The variance of a data set can be denoted as the averaged squared distance of a set of values from their mean. Thereby, we can conclude that a small variance means that the data points are packed closer towards the mean whereas a large variance means that the data points are spread out further from the mean. As aforementioned, unlike standard deviation, this is the average squared distance of the set of values from the mean. The sample variance is denoted by the symbol, $s^2$, whereas the population variance is denoted by the symbol, $\sigma^2$.

Ungrouped Data

$$\text{Variance, } s^2 = \frac{\sum x^2}{n}-\bar{x}^2$$

In which,

Note: The process is the same for calculating as the examples shown above for standard deviation.

Grouped Data

$$\text{Variance, } s^2 = \frac{\sum{fx^2}}{\sum{f}}-\bar{x}^2$$

In which,

Note: The process is the same for calculating as the examples shown above for standard deviation.

3. Range

Inherently, the range of a data set is total spread of the data, highlighting the disparity of the data set from the smallest value (minimum) to the largest value (maximum).
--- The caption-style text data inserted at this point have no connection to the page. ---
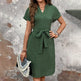 tie belt dress & Elegant V Neck Short Sleeve Casual Summer EX-STOCK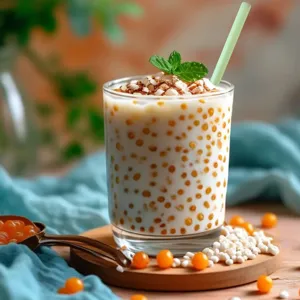 Detail shot of a light green thick straw in a delicious bubble tea setup with tapioca pearls.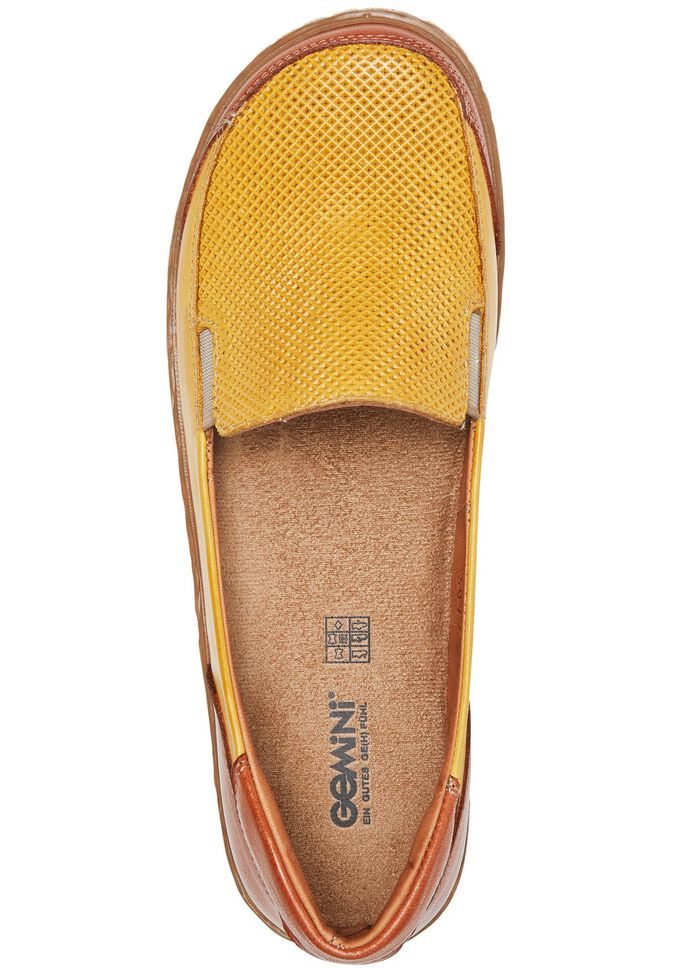 Gemini pantoffels met elastische banden aan de zijkanten GEEL-BRUIN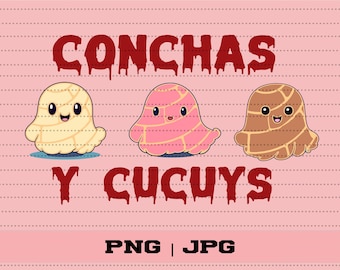 Spooky Conchas Ghost PNG Stickers - Halloween Pan Dulce (Digital Download)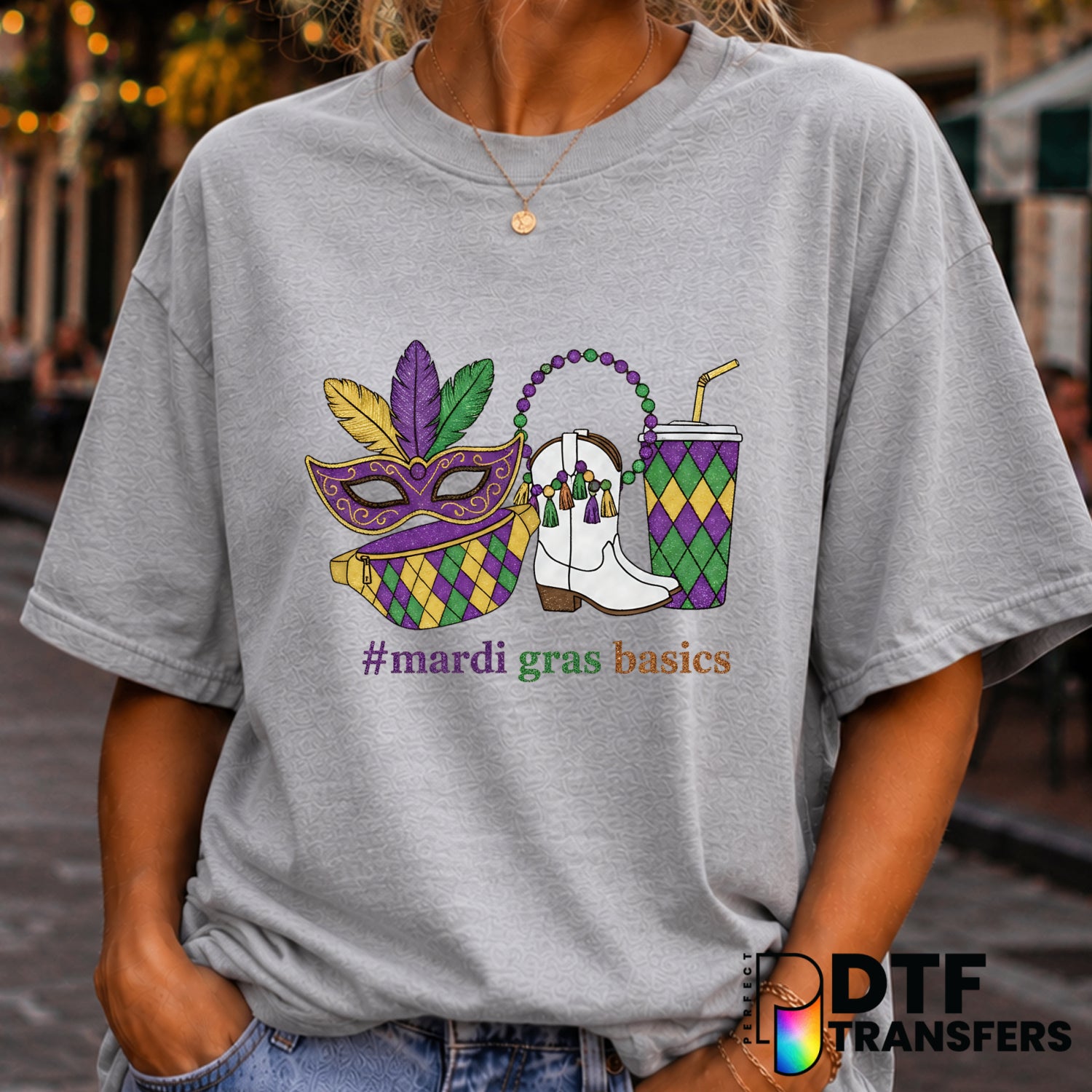 Mardi Gras Basics – Mardi Gras DTF Transfer (view 2 of 2) – by Perfect DTF Transfers – Premade DTF Transfers – Mardi Gras,...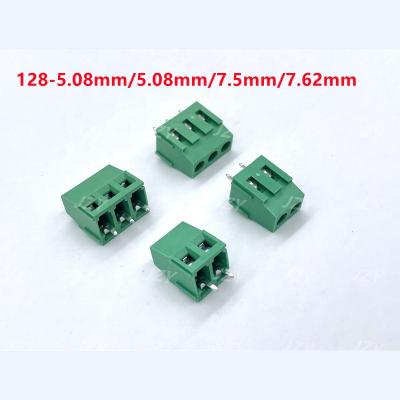 China High Quality PA66 JZY PCB Green Screw Terminal Block Spliced ​​Copper Iron 2P/3P 128-5.08mm/5.0mm/5.08mm/7.5mm/7.62mm for sale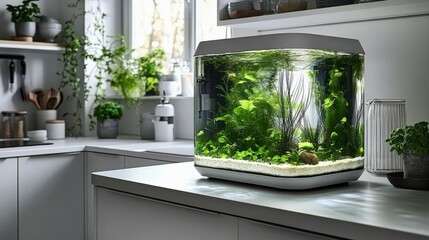 Modern Scandinavian kitchen with a crystal clear aquarium and minimalist decor
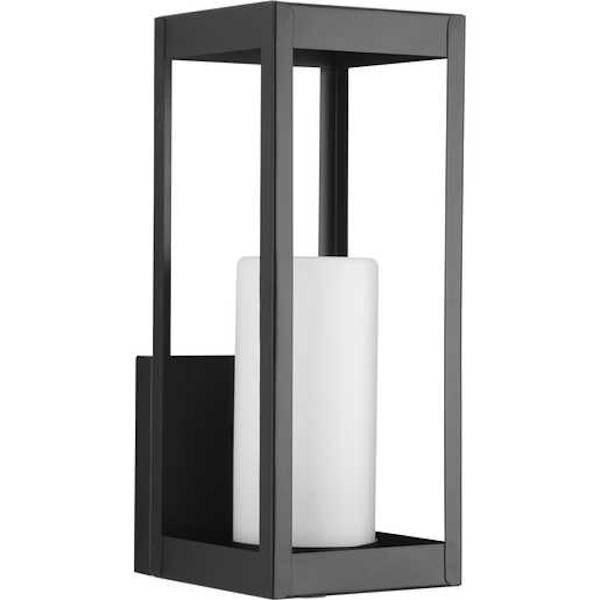 1 Light Black with Etched Opal Glass Patewood Medium Wall Light Fixture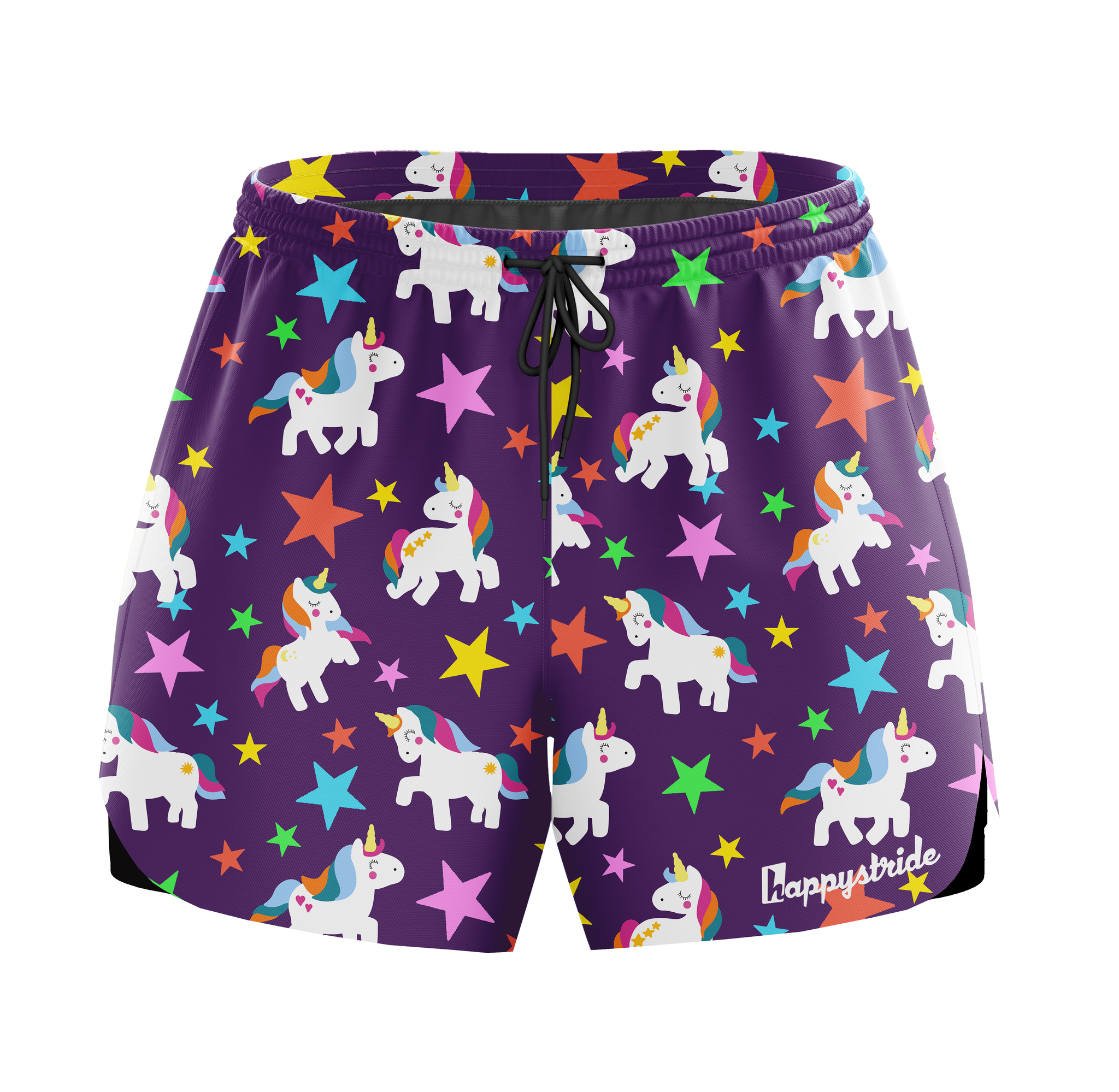 Lucky charms cool colourful fun purple unicorn unisex 2 in 1 running fitness shorts Happystride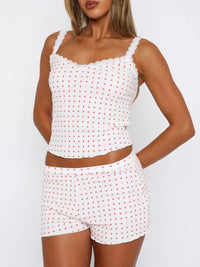 Thumbnail for Lace Detail Scoop Neck Printed Cami and Shorts Set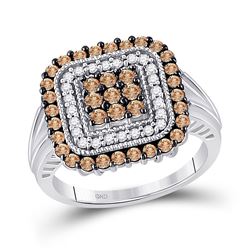 1 CTW Womens Round Brown Diamond Square Cluster Ring 10kt White Gold - REF-49W6H
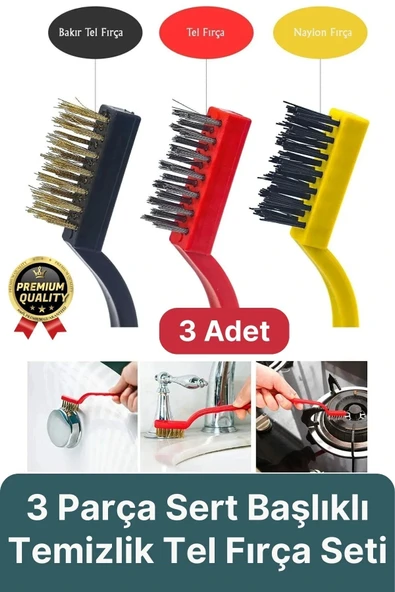 Çok Amaçlı Bakır Naylon Yağ Çıkarma Aspiratör Ocak Lavabo Fırın Detaylı Temizlik Tel Fırça 3 Parça ürün görseli 1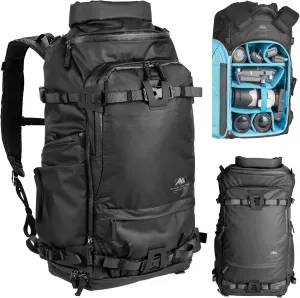 Tenzing 40 liter Water Resistant Camera Backpack 16 inch Laptop Compartment with Rain Cover Fits DSLR, SLR, Drone, Mirrorless Cameras, Batteries, Lenses,Tripod Black
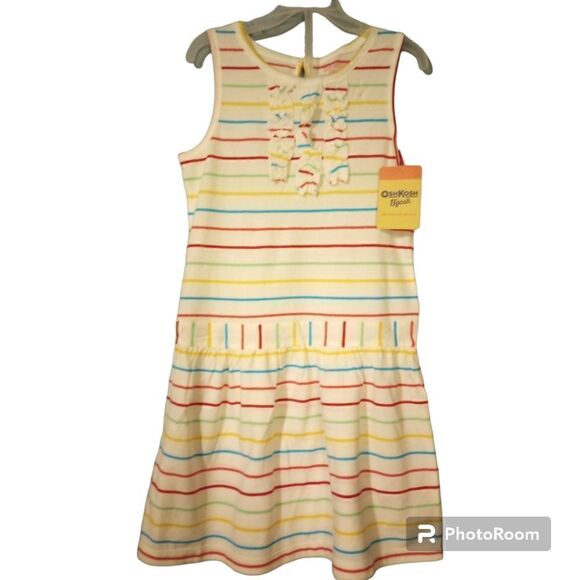 ✨NWT Oshkosh striped sleeveless dress with ruffle accent - Picture 1 of 9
The range gives the most basic idea of variability as it projects how far apart the extreme values of the data set are.

Ungrouped Data

$$\text{Range} = M_{v}-L_{v}$$

In which,

$$\begin{align*} M_{v} &= \text{maximum value of the data set} \\ L_{v} &= \text{minimum value of the data set} \\ \end{align*}$$

For example, given the data values: $15, 14, 15, 27, 51, 31, 141$.

It can be identified that,

$$\begin{align*} \text{maximum value of the data set, } M_{v} &= 141 \\ \text{minimum value of the data set, } L_{v} &= 14 \\ \end{align*}$$

Therefore, the range can be simply calculated as follows:

$$\begin{align*} \text{Range} &= M_{v}-L_{v} \\ \text{Range} &= (141)-(14) \\ \text{Range} &= 127 \\ \end{align*}$$

Grouped Data

$$\text{Range} = \text{UB}_H-\text{LB}_L$$

In which,

$$\begin{align*} \text{UB}_H &= \text{Upper Boundary of the Highest Class} \\ \text{LB}_L &= \text{Lower Boundary of the Lowest Class} \\ \end{align*}$$

For example, given:

$$ \begin{array}{|c|c|} \hline \text{Marks, }x & \text{Frequency, }f \\ \hline 0-10 & 4 \\ \hline 10-20 & 7 \\ \hline 20-30 & 5 \\ \hline 30-40 & 9 \\ \hline 40-50 & 6 \\ \hline \end{array} $$

It can be noted that the highest class is: $40-50$ and as such, the lowest class is: $0-10$.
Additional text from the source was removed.